礫川全次のコラムと名言

礫川全次〈コイシカワ・ゼンジ〉のコラムと名言。コラムは、その時々に思いついたことなど。名言は、その日に見つけた名言など。

ふたりの陸軍中佐が東条英機の遺書を偽造

2015-06-24 05:16:06 | コラムと名言

◎ふたりの陸軍中佐が東条英機の遺書を偽造

 昨日の続きである。
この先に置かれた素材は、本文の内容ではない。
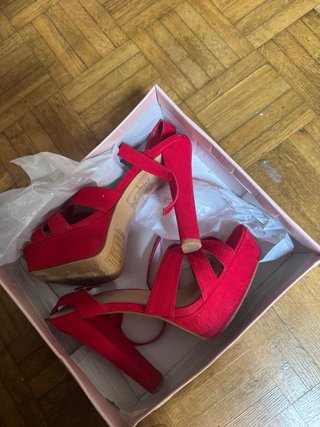 Sandalias de Tacón Rojas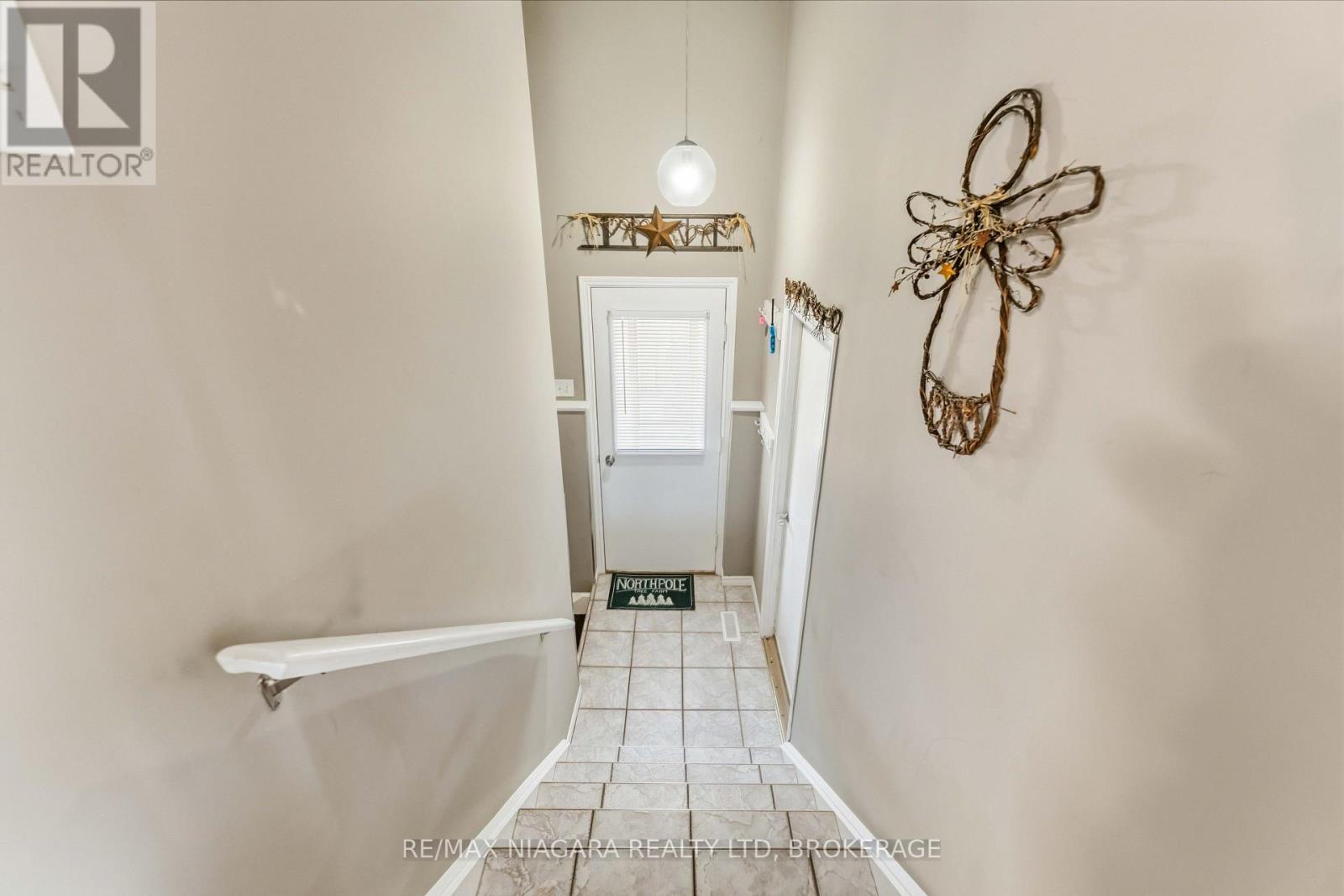 6200 Sherri Avenue, Niagara Falls, Ontario  L2H 2W7 - Photo 6 - X13551020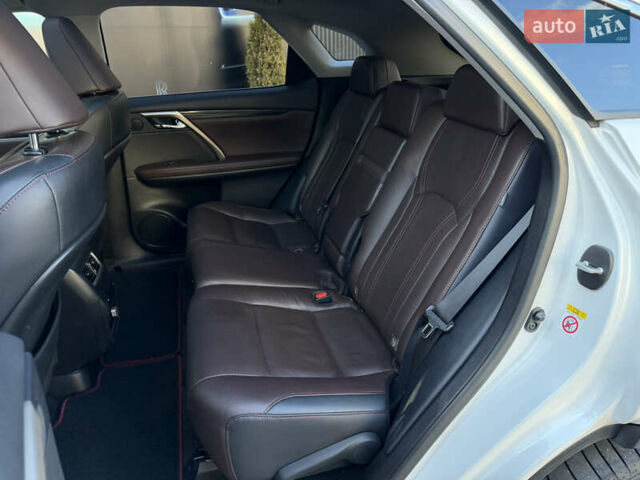 Белый Лексус РХ, объемом двигателя 2 л и пробегом 157 тыс. км за 33000 $, фото 38 на Automoto.ua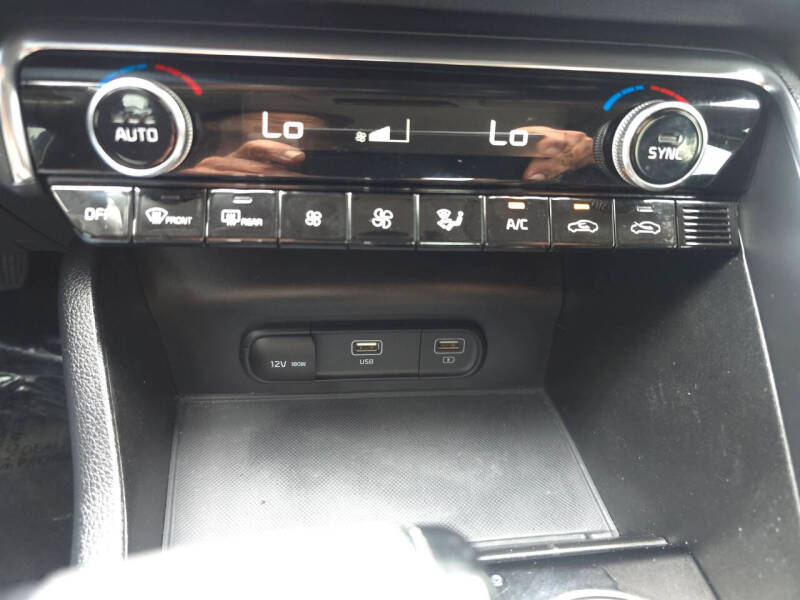 2022 Kia K5 EX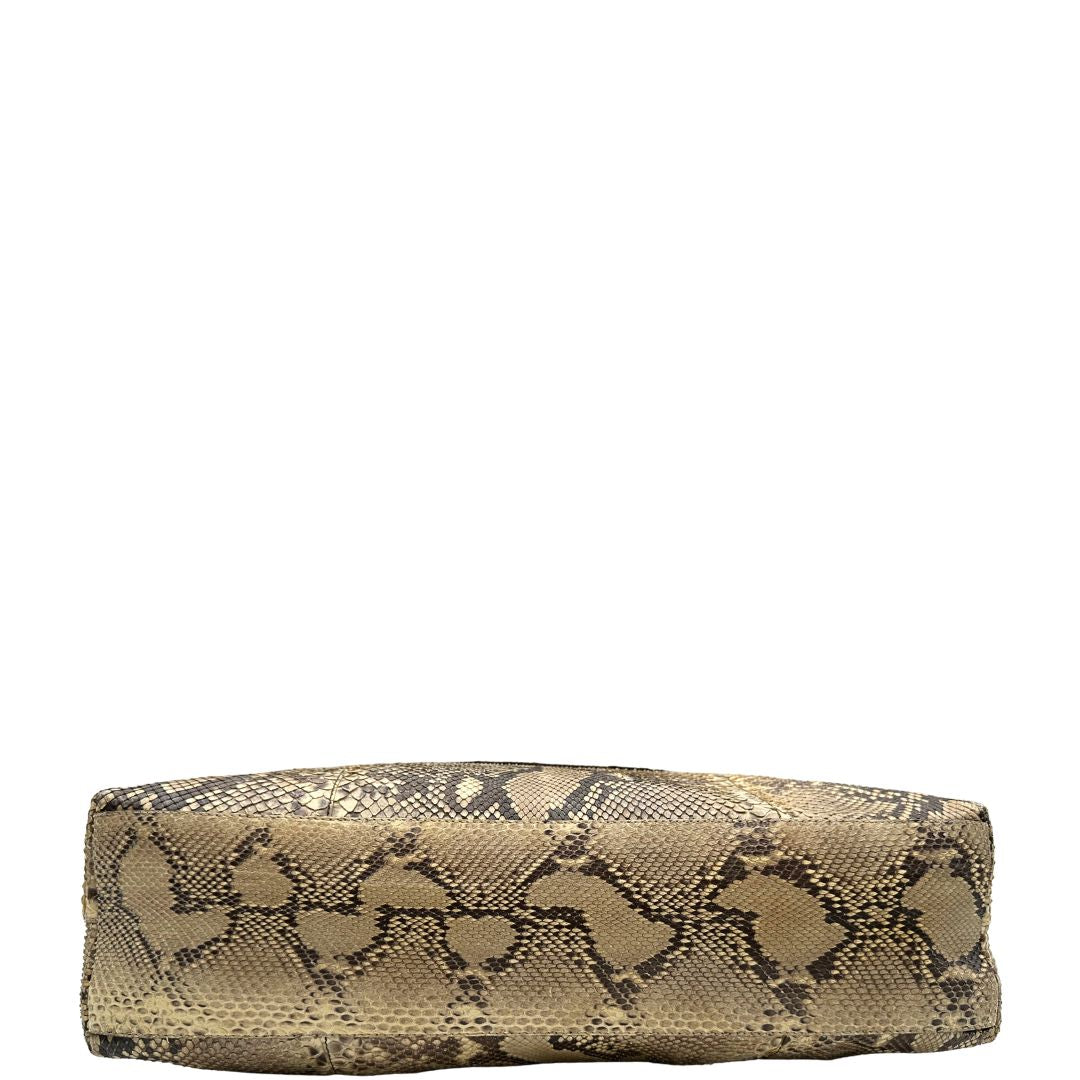 base Borsa Prada in pelle con trama animalier rifinita con inserti metallici argentati e ricami marroni; munita di un manico singolo, da portare a spalla 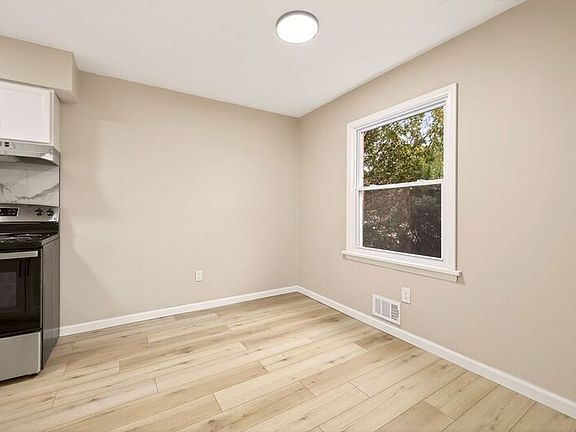 5th image of 14 Elm St Unit 38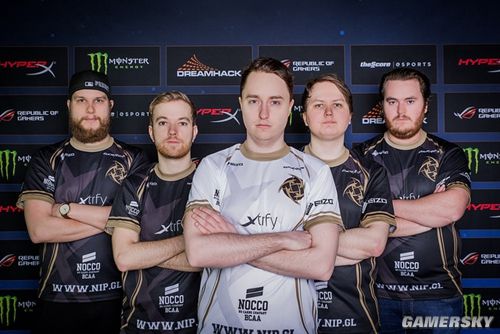 Rex Regum Qeon 向 Estrella 告别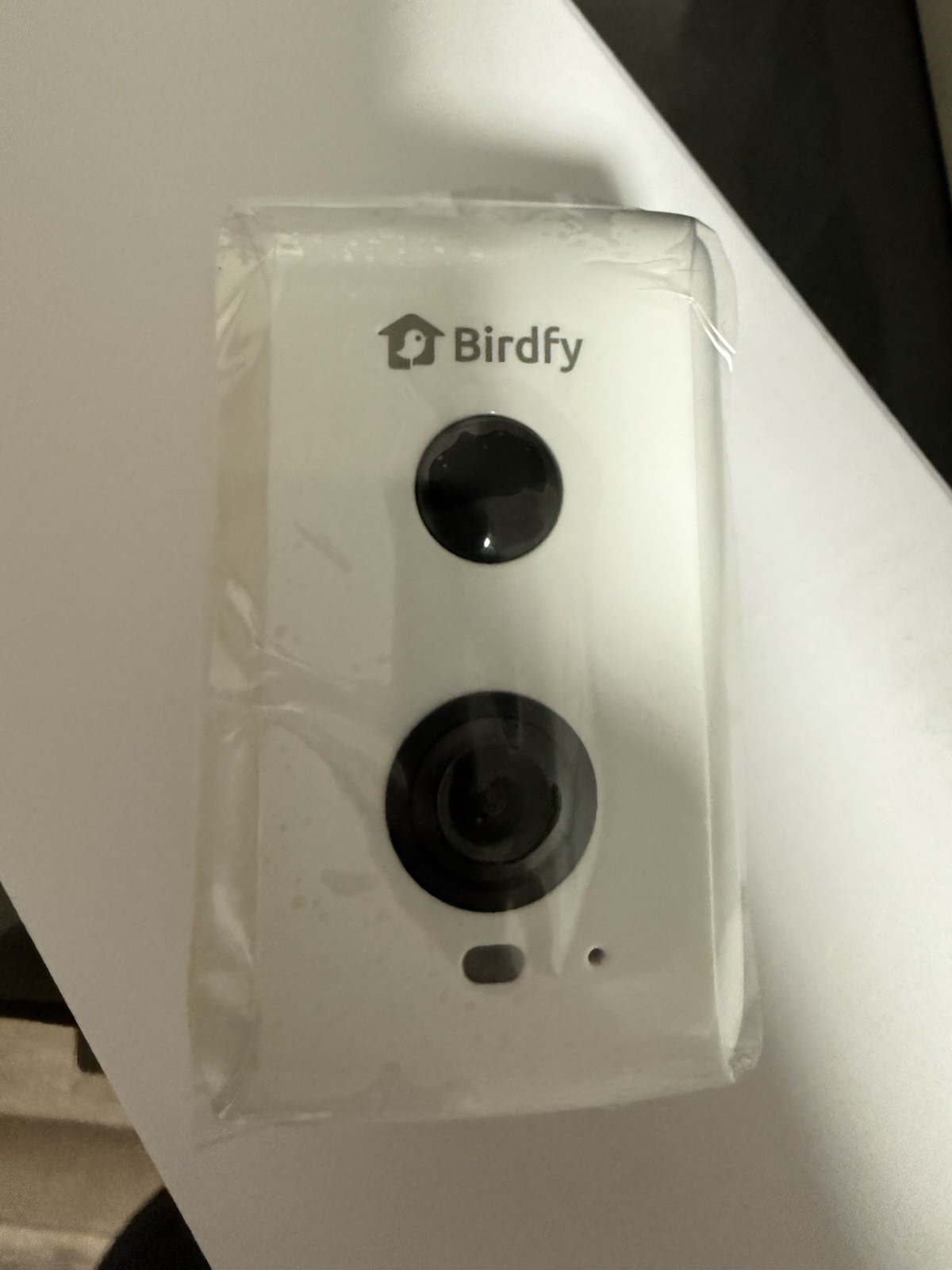 Birdfy Nest Ebony Bird House for outside Solar Powered, 1080P HD Live View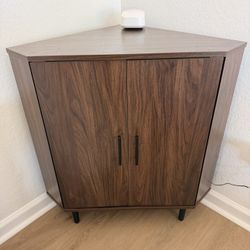 Modern Corner Storage Cabinet / Entertainment Stand – Walnut Finish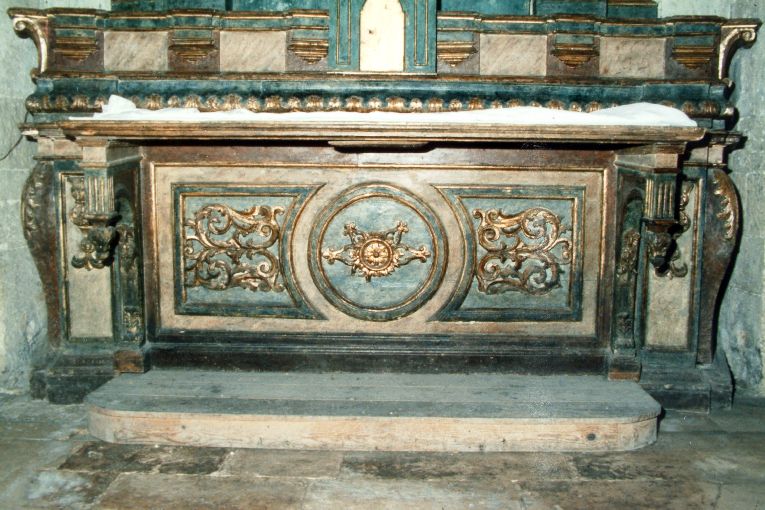 altare - produzione pugliese (prima metà sec. XVII)
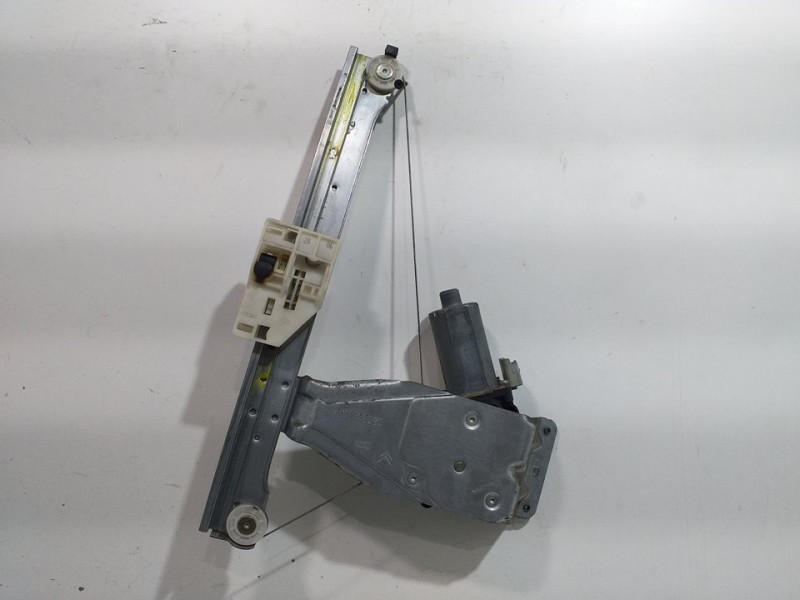 Recambio de elevalunas trasero derecho para citroën c3 hdi 92 collection referencia OEM IAM 922499  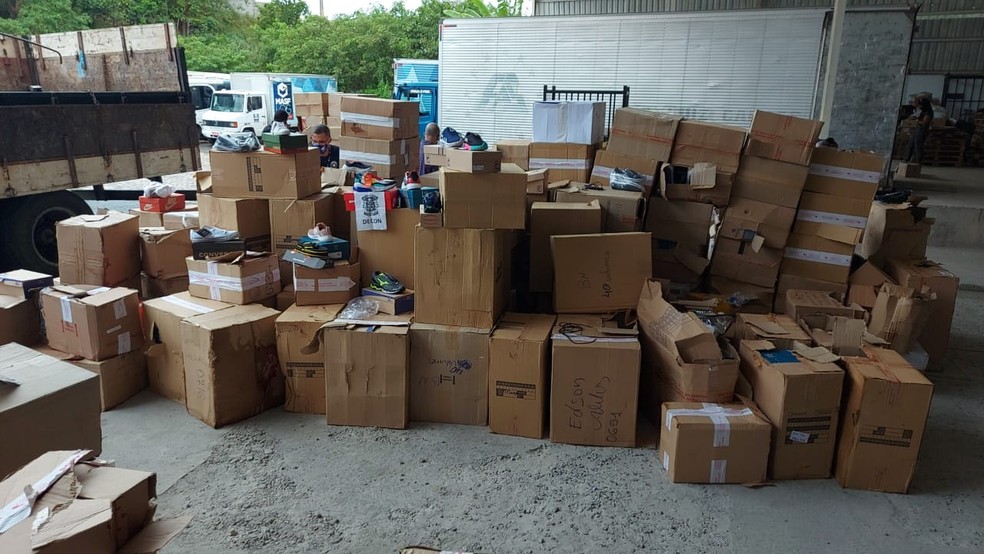 Carreta carregada com produtos falsificados foi apreendida dentro de galpão em Salvador — Foto: Divulgação / Sindpoc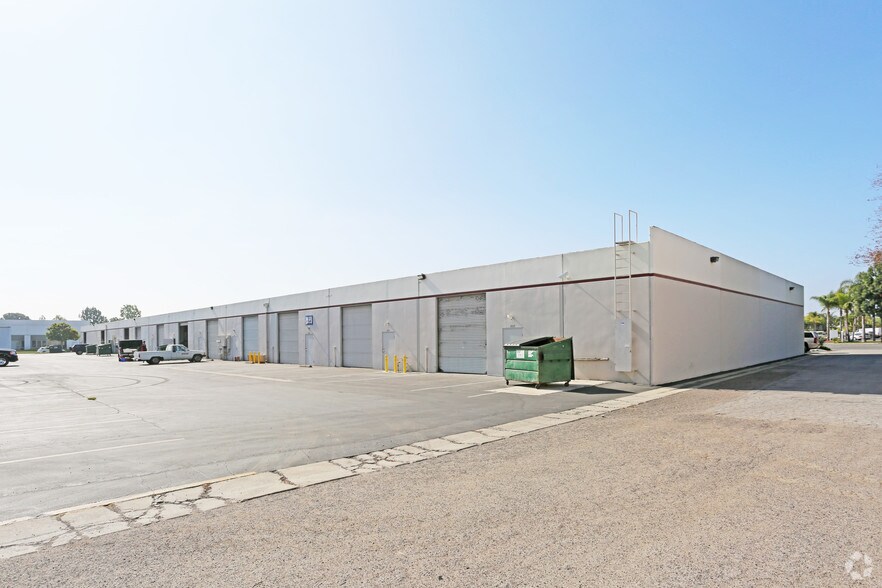 More Photos Of 3401-3419 W MacArthur Blvd, Santa Ana Warehouse For Lease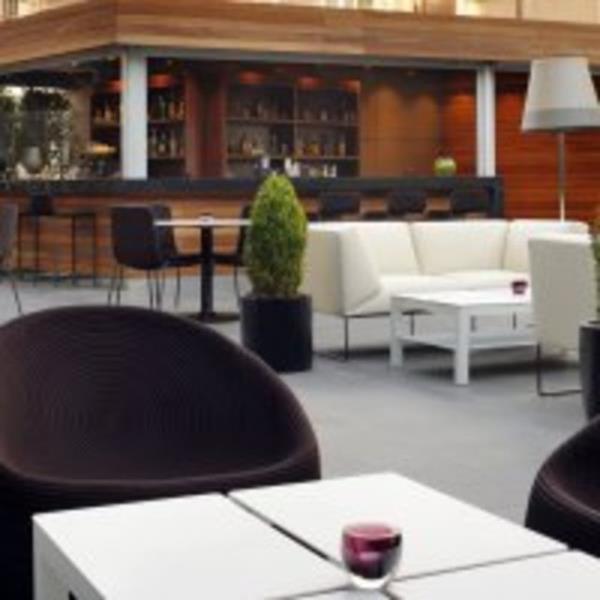 Gnn orbas ve scask ramazan pidesiyle servis edilen Mebrum ve Tunuz hurmas ile balayan yemek, Anadolu mutfa ile devam ediyor.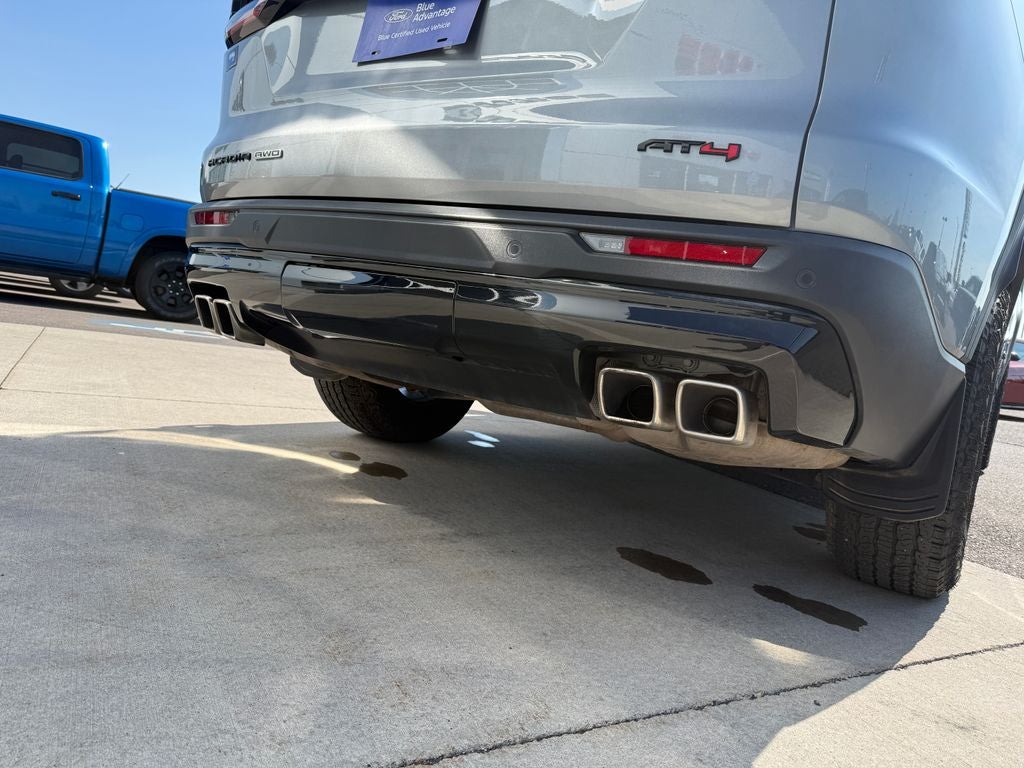 2025 GMC Acadia AT4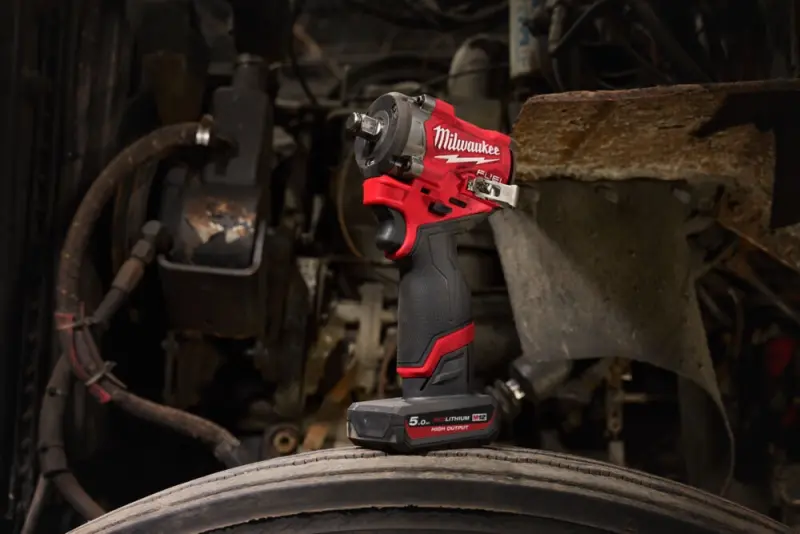 Aku 1/2" rázový utahovák Milwaukee M12 FCIWF12G3-0, 745 Nm, bez aku, 4933493454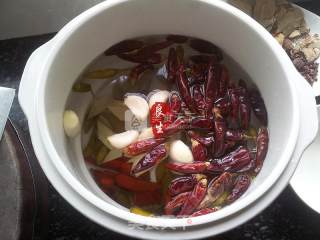 巧手制冷菜—泡椒凤爪的做法步骤：2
保阪正康氏は、その著書『昭和良識派の研究』(光人社FN文庫、一九九七)の中で、東条英機が自決を決意した際に書いたとされる三通の「遺書」について、「疑問を持っている」と書いていた。
 この三通の遺書とは、すなわち、「英米諸国人ニ告グ」、「日本同胞国民諸君」、「日本青年諸君ニ告グ」のことで、これは、清瀬一郎が、その著書『東京裁判』の中で引用している「東条英機ノ遺書」と同じものと思われる(当ブログ六月一一日のコラム「東条英機『自殺決心時の遺言』の真偽」参照)。清瀬一郎によれば、この遺書は、東条の自決の当日、自室の机上にあったものであり、ウイルバース中尉によって押収されていたものだという。
 しかし、保阪氏によれば、三通の遺書は、UP通信のA・ホープライト記者が、「東條の側近の陸軍大佐」から入手したものである。「東條の側近の陸軍大佐」が、なぜ、その遺書を持っていたかを、ホープライト記者は明らかにしていない。もし、その遺書がホンモノのであることを強調するのであれば、同記者は、その遺書が、ウイルバース中尉によって押収された遺書の現物、または、その現物と「同文」のものであるとして、その根拠を挙げ、かつ「東條の側近の陸軍大佐」が、その遺書を持っていた理由を説明しなければならなかった。
 しかし、ホープライト記者は、このあたりをアイマイにしたまま、「私は、これが本物の東條の遺書であると信ずる一切の理由をもっている」と述べている。こういう言葉は、信ずるに足りないのである。
 六月一一日のコラムのコラムでも述べたが、この「遺書」は、文章上の技術において未熟なところがある。もし、これがホンモノであったとすれば、徳富蘇峰など、しかるべき文人の添削を受けていたはずであり、こんな未熟な文章であるはずがない。
 また、その内容においても、納得しがたいところがある。清瀬一郎『東京裁判』によれば、自決未遂の直前の東条英機は、自分が公布した「戦陣訓」によって、「俘虜の辱めを受くるよりも死をえらべ」と説いたことを、かなり気にしていたらしい。その東条が、敗戦後もなお、「国民に命令し青年に訓を垂れている」ような遺書を残すということが考えられるだろうか。
 こうした「遺書」は、占領がようやく終了しようとするころ、旧軍人が何らかの意図にもとづいて偽造したものであろう、と私は考える。その旧軍人は、敗戦当時における東条の心境など忖度できないし、忖度しようとも思っていなかった。だからこそ、ああいう「遺書」になるのである。
 ちなみに保阪正康氏は、東条の「遺書」をホープライト記者に提供したと思われる「二人の陸軍大佐」を突きとめ、この二人から話を聞いている。驚くべき調査能力、取材能力であるが、できれば、その「二人」の実名、この二人を特定した経緯などを、明らかにしてほしかった。
 保阪氏は、この遺書が成立した事情に関する、ホープライト記者の説明を肯定していない。すなわち、東条が自決前に二人を呼び、「口述し筆写させた」という記者の説明に対して、「東條が雑談で話した内容をまとめたにすぎない」という自己の印象を対置している。
 これはほとんど、この三通の遺書はニセモノだと断定しているに等しい。その時点では、そうハッキリとは断言できない事情があったのかもしれない。しかし今日、できれば保阪氏には、その「二人の陸軍大佐」の実名、本当に東条英機の「側近」であったか否か、遺書を偽造した理由、その時期、ホープライト記者に提供することになった経緯、などについて、公にしていただきたいものである。